* _Problem details_
Leave out every picture, and output exactly the lines from the line containing "Lot 754 - deutschland" through the last line of the data.

**** Supplied data ****

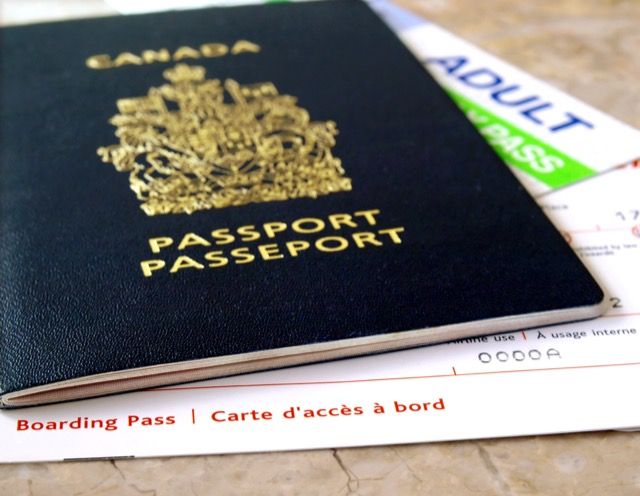 A canadian passport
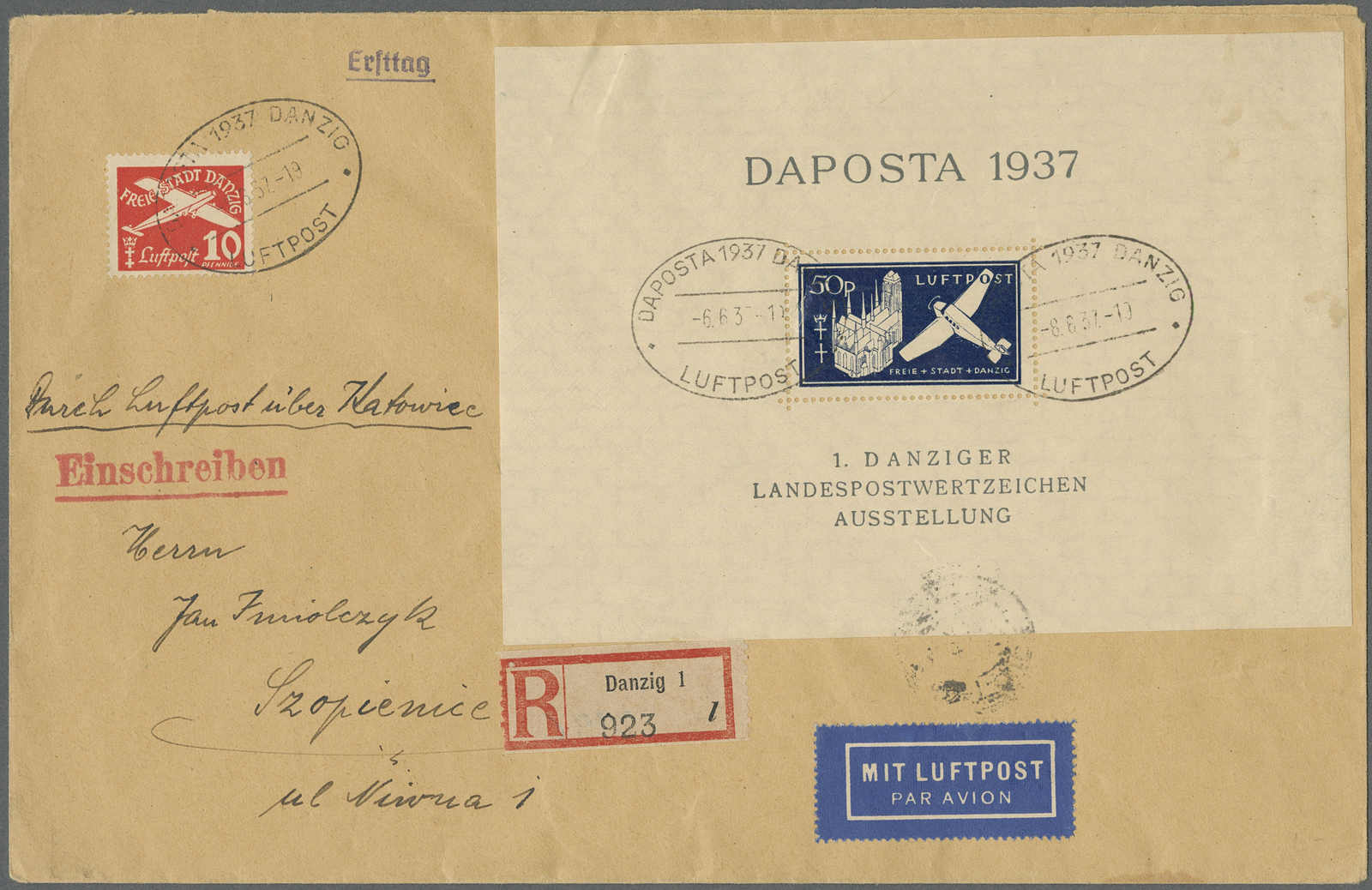 Lot 754 - deutschland danzig -  Auction House Thomas Schantl 5th Auktionshaus Thomas Schantl Auction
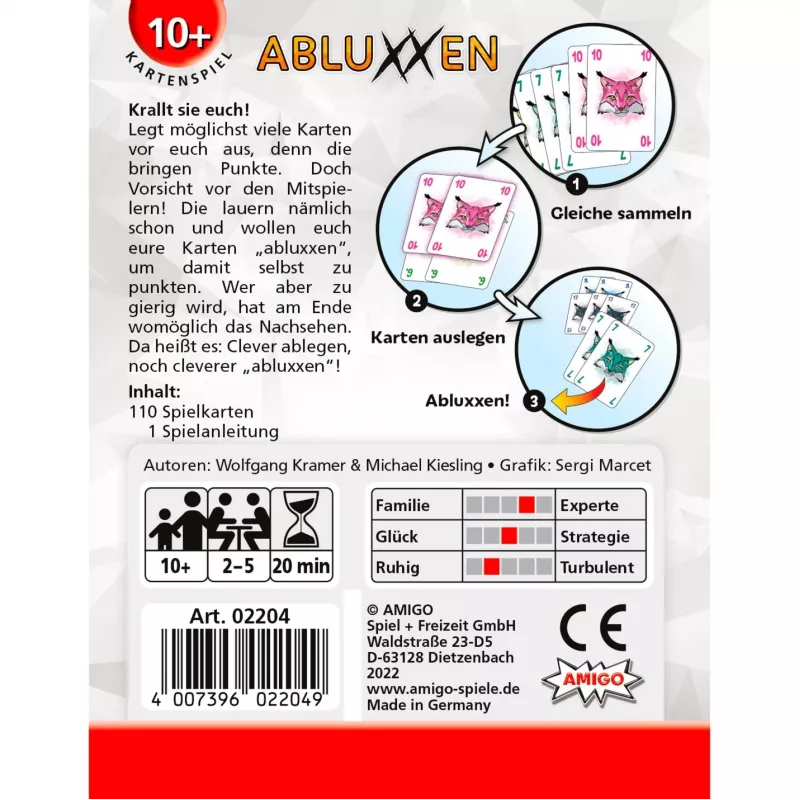 Amigo 02204 lautapeli Abluxxen 20 min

****

* _Output_
 Lot 754 - deutschland danzig -  Auction House Thomas Schantl 5th Auktionshaus Thomas Schantl Auction
 Amigo 02204 lautapeli Abluxxen 20 min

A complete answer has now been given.